Desde el sector oficial, Daniel Tedesco, delegado local de la Dirección Provincial de Trabajo, también se refirió al tema. “Nosotros venimos trabajando bastante duro respecto al fraude laboral. Después de las inspecciones hacemos todo lo posible para que se regularice la situación del trabajador, y sino se hace, lo remitimos a Paraná, donde se dispone el pago de multas y las actuaciones correspondientes”, explicó. En ese sentido, reconoció que “cuesta hacer entrar en razón al sector patronal, y al trabajador. Hay una cultura muy fuerte de trabajo en negro, y muchos empleados por temor a perder el trabajo no realizan la denuncia”.
“Se creen que la cooperativa los habilita para cualquier cosa”
Respecto al fraude laboral por el método cooperativo, Tedesco explicó que “no estamos en contra del cooperativismo, pero sí de las prácticas que van en contra del espíritu cooperativista”. En relación a los controles, destacó que “hemos hecho un trabajo con el Sindicato de Empleados de Comercio, con Uatre, Uocra, y encontramos mucha gente en esa situación”. El problema está en que “se usa mal la figura, y se creen que la cooperativa los habilita para hacer cualquier cosa. No pueden hacer de agente de colocación”, afirmó. Finalmente, el funcionario de la DPT dejó en claro que “estamos detrás de eso, y tenemos un número importante de multas en ese sentido”.
“En el Estado seguimos teniendo trabajadores en negro”
Oscar Muntes, secretario general de ATE Uruguay, explicó que “el tema de las cooperativas no nos toca directamente, pero nos afecta. Los trabajadores venimos perdiendo derechos, y se ha utilizado esta figura para tener a los compañeros disciplinados”. Esto se evidencia, según Muntes porque “nosotros en el Estado seguimos teniendo trabajadores en negro, que si bien no son parte de cooperativas, están en negro”. Como ejemplo paradójico, destacó que “en la propia dirección de trabajo tenemos compañeros en negro. Inspectores de la DPT que son monotributistas, cumplen función de policía para detectar trabajo en negro, para detectar irregularidades, cuando ellos mismos están en una situación irregular. Son las contradicciones del propio estado”, remarcó.
“Somos trabajadores que no estamos totalmente legalizados”
Para el dirigente de los estatales, uno de los problemas es que “tenemos muchos sectores disciplinados. En la administración pública, prácticamente, el cien por ciento de los trabajadores tenemos cifras en negro”. Evidentemente, es parte de la precariedad laboral “esto de tener tantos códigos que están en negro. Somos trabajadores que no estamos totalmente legalizados. Si es el mismo Estado el que genera eso, el que mantiene eso, qué se puede esperar”. Llevando el problema a un nivel mayor, Muntes explicó que “con esto que estalló de los tercerizados, ahora nos enteramos de que trabajadores en una misma tarea cobran distintas remuneraciones”.

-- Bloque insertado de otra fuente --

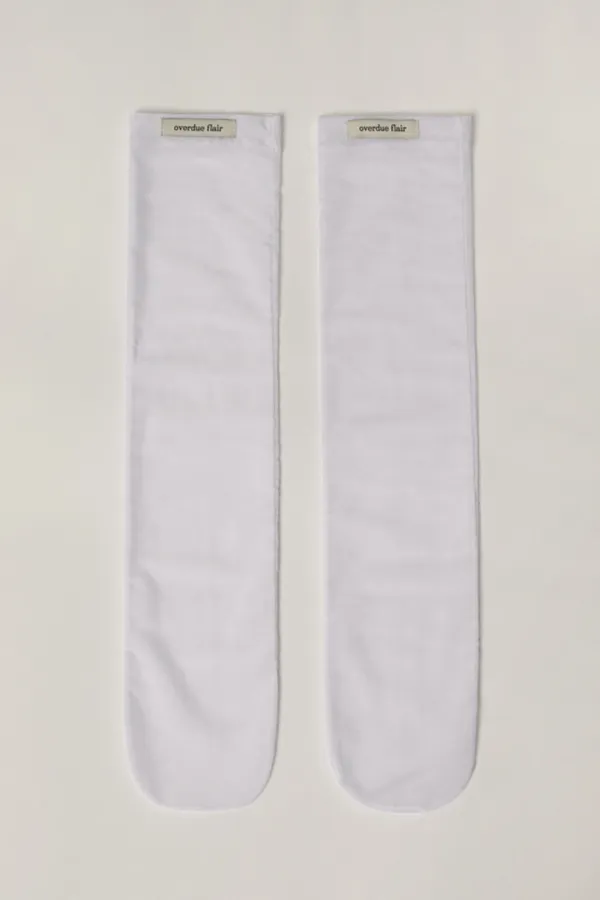 MESH SOCKS_WHITE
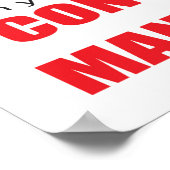 Kontrolle des Missbrauchsbetrugs bei der Familie Poster (Ecke)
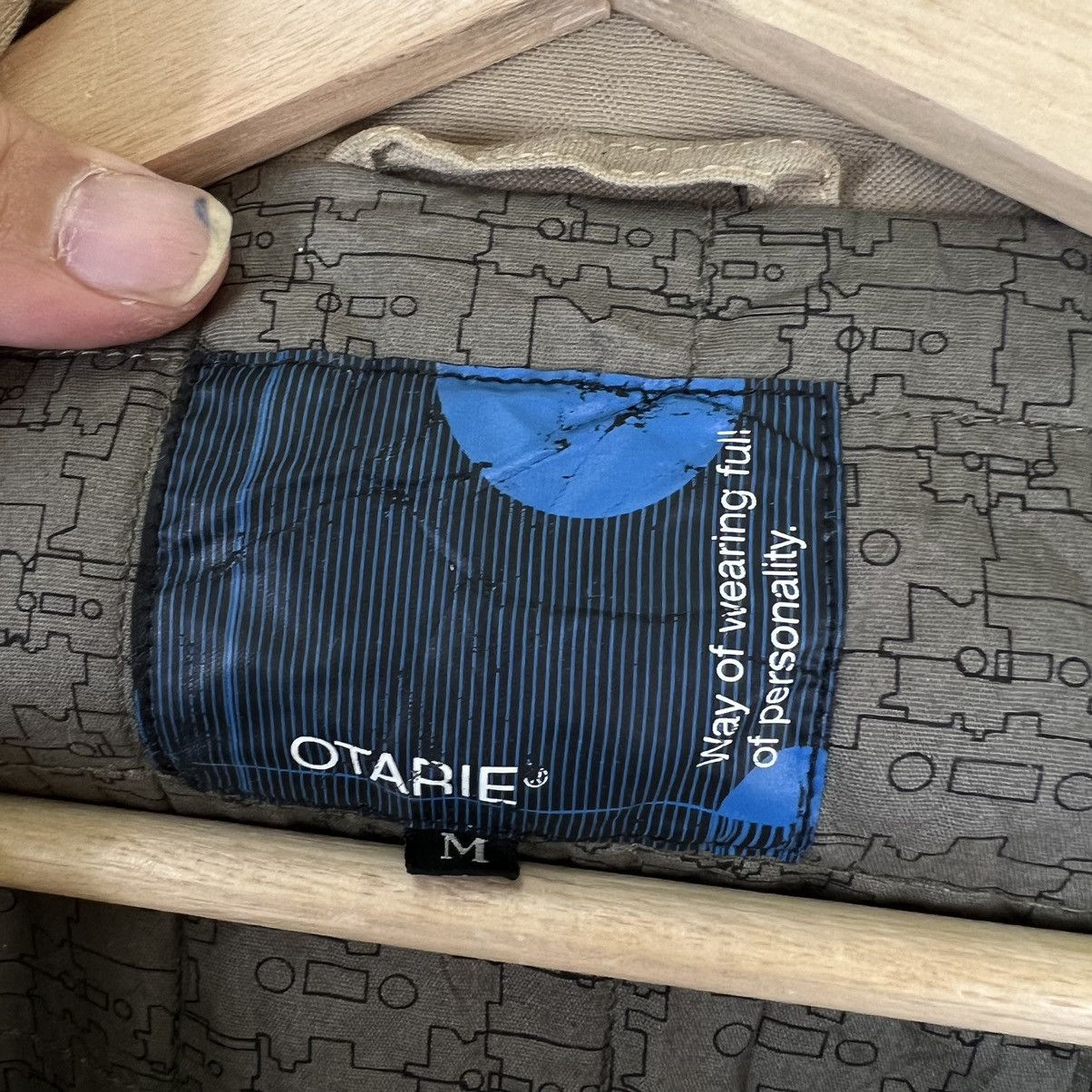 Japanese Brand VINTAGE CHORE JACKET OTARIE ISSEY MIYAKE DESIGN JAPAN MADE Size US M / EU 48-50 / 2 - 9 Thumbnail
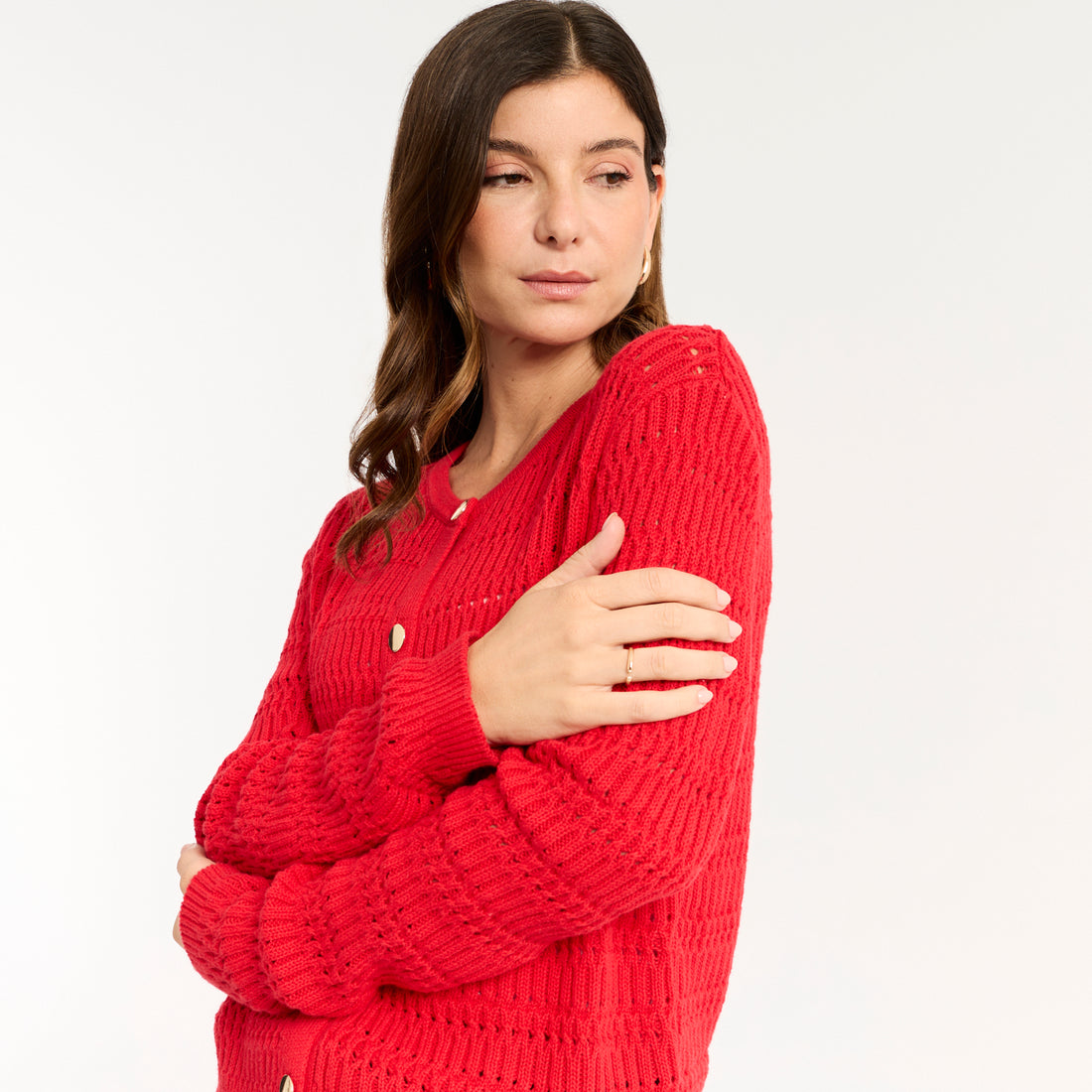 Chompa Raisa Rojo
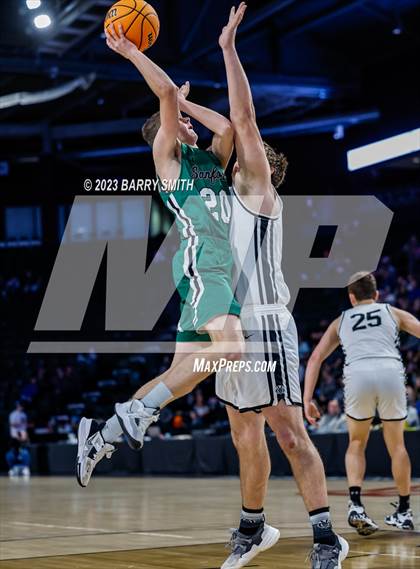 Thumbnail 3 in Limon vs. Sanford (CHSAA 2A Final Four) photogallery.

“A nosotros no nos sorprende”
Continuando con la relación de este problema con la política nacional, el dirigente de los estatales entiende que esto no se corresponde “con un Gobierno totalmente ‘progresista’ como este, en el que resulta que ahora muchos se enteraron por el asesinato de Mariano Ferreyra de que el gremialismo corrupto tiene connivencia con el poder político, con el poder económico, y que han sido los que han entregado siempre a los trabajadores”. En relación a las alianzas de este Gobierno con determinados sectores sindicales, Muntes resaltó que esos mismos dirigentes “fueron parte de la década infame y siguen siendo parte de esta entrega. A nosotros no nos sorprende. Bienvenido sea, que todos se enteren que han vivido para enriquecerse, y que sirva para sacarse el temor, y para formar organizaciones sin fines de lucro que luchen por las necesidades de todos”, finalizó.
Publicado en Río Bravo, el 11 de marzo de 2011.